For Mr. Ahmed Senhoury, Director of the PRCM “Communication is key in protecting the coastal and marine environment, as it is about swaying decisions and inducing behavioural change for a better world for the purpose of sustainability…”. Reviewing the situation on the West Africa coastline, he described the uncontrolled occupation of marine areas, poor fishing practices, marine pollution and the vulnerability to climate change as the problems currently characteristic of the sub-region, at least for the coastline. To address the situation, he proposed a number of measures appealing Governments that had not yet done so to pass legislation on these issues and those that have already adopted laws in this regard to continue implementing them. Moreover, Mr. Senhoury advocated for increased cooperation among countries in the sub-region in order to achieve better results, preserve marine protected areas and involve the media in processing information related to the environment at large and marine environment in particular.
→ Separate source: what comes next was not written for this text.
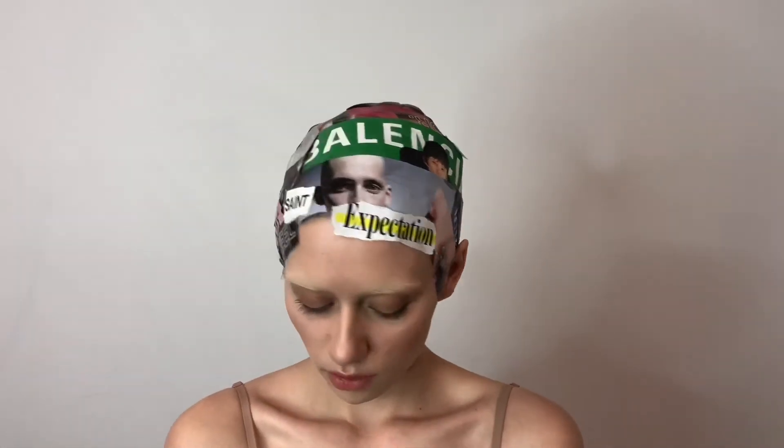Thanks for watching! I hope this video makes wig wrapping look easy and inspires you to go out and try it on your own.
In the same vein, Mr. Pape WADE, Director of Programmes, Wetlands International, argued that the idea was to “turn participants, both as learners and trainers, into true environmental champions… ”. The place of an environmental and social impact study and transparency in fisheries were also expanded in presentations, which were followed by interesting and fruitful discussions throughout the day. It should be noted that participants were shown through field trips as well as “techniques and tips” how to successfully process information about the coastal and marine environment in a professional and impartial manner. A female participant welcomed the meeting as being timely, explaining that countries in the sub-region, such as Senegal, Cabo Verde and Guinea, were confronted with massive uncontrolled constructions along the coasts, an attack on the coastline openly and publicly, much to the discontent of environmental champions.